La motion déroule une série de questions: comment le Conseil fédéral évalue-t-il la situation ? Peut-il chiffrer l’impact économique pour la Genève internationale et la Suisse ? Et encore : va-t-il se mobiliser pour renforcer concrètement la résilience et le positionnement de la Genève internationale et organiser son action au bénéfice du multilatéralisme ? Elle demande enfin si le Conseil fédéral doit adapter sa stratégie relative au multilatéralisme et à l’État hôte 2026–2029 à l’aune des développements récents.
Le Conseil fédéral a déjà essuyé des critiques. Certains évoquent «un silence assourdissant» face aux effets de la nouvelle politique américaine sur l’aide humanitaire et sanitaire dans le monde. La Genève internationale traverse une tempête. Mais pas de phare à l’horizon fédéral.
L’angle fédéral est choisi à dessein bien sûr. Ce qui va se produire à Genève va affecter nombre d’organisations humanitaires dans tout le pays. La motion plaide pour Genève mais plus largement pour la Suisse, qui profite du statut international du canton et qui lui permet de jouer un rôle plus important que son poids politique réel ou sa puissance économique.

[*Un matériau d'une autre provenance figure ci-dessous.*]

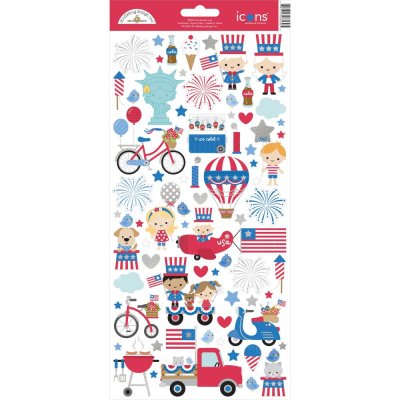 Doodlebug Cardstock Stickers - Hometown USA Icons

La rencontre de haut niveau entre la Chine et les États-Unis organisée à Genève le 10 et 11 mai derniers illustre fièrement la pertincence de cet argument. C’est en effet au bout du lac que la Chine et les États-Unis discutent des tarifs douaniers dans un contexte de tensions commerciales exacerbées. Le secrétaire américain au Trésor, Scott Bessent, rencontre à cette occasion la Présidente de la Confédération Karin Keller-Sutter. Et le vice-Premier ministre chinois, He Lifeng, est l’invité du Conseil fédéral. Les discussions se sont déroulées à la résidence de l’ambassadeur de Suisse auprès de l’ONU sur les hauteurs du Léman. Le Département fédéral des Affaires étrangères célèbre le rôle de Genève, et évoque la neutralité et l’expertise diplomatique. Il y a quelques jours, c’était à Genève aussi que l’OMS annonçait la conclusion d’un accord historique sur la prévention des pandémies dans le monde.
La plateforme diplomatique genevoise fonctionne. On discute à Genève, on y négocie, on y conclut des accords. C’est heureux, bienvenu, mais cela n’occulte pas les difficultés qu’elle traverse actuellement et qui peuvent compromettre sérieusement le rôle de notre pays dans les affaires du monde. Parce que ce qui est en jeu aujourd’hui, ce sont aussi les valeurs fondamentales que la Suisse a décidé de soutenir depuis des décennies. Il importe de montrer comment nous voulons continuer à les défendre et de se donner les moyens pour que la Suisse reste ce lieu où on agit pour le respect des droits de l’homme et du droit humanitaire.
Quel avenir la Suisse souhaite-t-elle pour son outil de politique extérieure ? Toute la question est là.